If there are no errors, we can get a fully verified record by applying Rank2.traverse to the result:

completeVerified :: PersonWithErrors -> Either String PersonVerified
completeVerified = Rank2.traverse (Identity <$>)

or we can go in the opposite direction with Rank2.<$>:

uncompleteVerified :: PersonVerified -> PersonWithErrors
uncompleteVerified = Rank2.fmap (Right . runIdentity)

If on the other hand there are errors, we can collect them using Rank2.foldMap:

verificationErrors :: PersonWithErrors -> [String]
verificationErrors = Rank2.foldMap (either (:[]) (const []))

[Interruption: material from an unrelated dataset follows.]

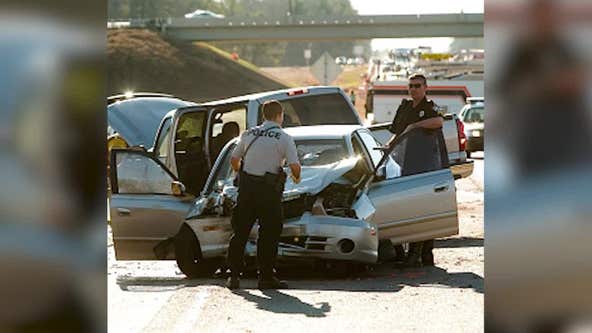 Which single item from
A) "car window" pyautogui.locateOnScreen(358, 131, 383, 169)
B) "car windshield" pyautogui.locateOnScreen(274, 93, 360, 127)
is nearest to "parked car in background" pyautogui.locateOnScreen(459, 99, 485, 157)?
"car windshield" pyautogui.locateOnScreen(274, 93, 360, 127)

Here is an example GHCi session:

-- |
-- >>> :{
--let Right alice = completeVerified $
--                  verify [] Person{name= Const "Alice", age= Const "44",
--                                   mother= Const "", father= Const ""}
--    Right bob = completeVerified $
--                verify [] Person{name= Const "Bob", age= Const "45",
--                                 mother= Const "", father= Const ""}
--    Right charlie = completeVerified $
--                    verify [alice, bob] Person{name= Const "Charlie", age= Const "19",
--                                               mother= Const "Alice", father= Const "Bob"}
-- :}
-- >>> charlie
-- Person{
--  name=Identity "Charlie",
--  age=Identity 19,
--  mother=Identity (Just Person{
--             name=(Identity "Alice"),
--             age=(Identity 44),
--             mother=(Identity Nothing),
--             father=(Identity Nothing)}),
--  father=Identity (Just Person{
--             name=(Identity "Bob"),
--             age=(Identity 45),
--             mother=(Identity Nothing),
--             father=(Identity Nothing)})}
-- >>> :{
--let dave = verify [alice, bob, charlie]
--           Person{name= Const "Dave", age= Const "young",
--                  mother= Const "Lise", father= Const "Mike"}
-- :}
-- >>> dave
-- Person{
--  name=Right "Dave",
--  age=Left "young is not an integer",
--  mother=Left "Nobody by name of Lise",
--  father=Left "Nobody by name of Mike"}
-- >>> completeVerified dave
-- Left "young is not an integer"
-- >>> verificationErrors  dave
-- ["young is not an integer","Nobody by name of Lise","Nobody by name of Mike"]
-- >>> Rank2.distribute [alice, bob, charlie]
-- Person{
--  name=Compose [Identity "Alice",Identity "Bob",Identity "Charlie"],
--  age=Compose [Identity 44,Identity 45,Identity 19],
--  mother=Compose [Identity Nothing,Identity Nothing,Identity (Just Person{
--             name=(Identity "Alice"),
--             age=(Identity 44),
--             mother=(Identity Nothing),
--             father=(Identity Nothing)})],
--  father=Compose [Identity Nothing,Identity Nothing,Identity (Just Person{
--             name=(Identity "Bob"),
--             age=(Identity 45),
--             mother=(Identity Nothing),
--             father=(Identity Nothing)})]}

Grammars are another use case that is almost, but not quite, completely unlike database records. See grammatical-parsers about that.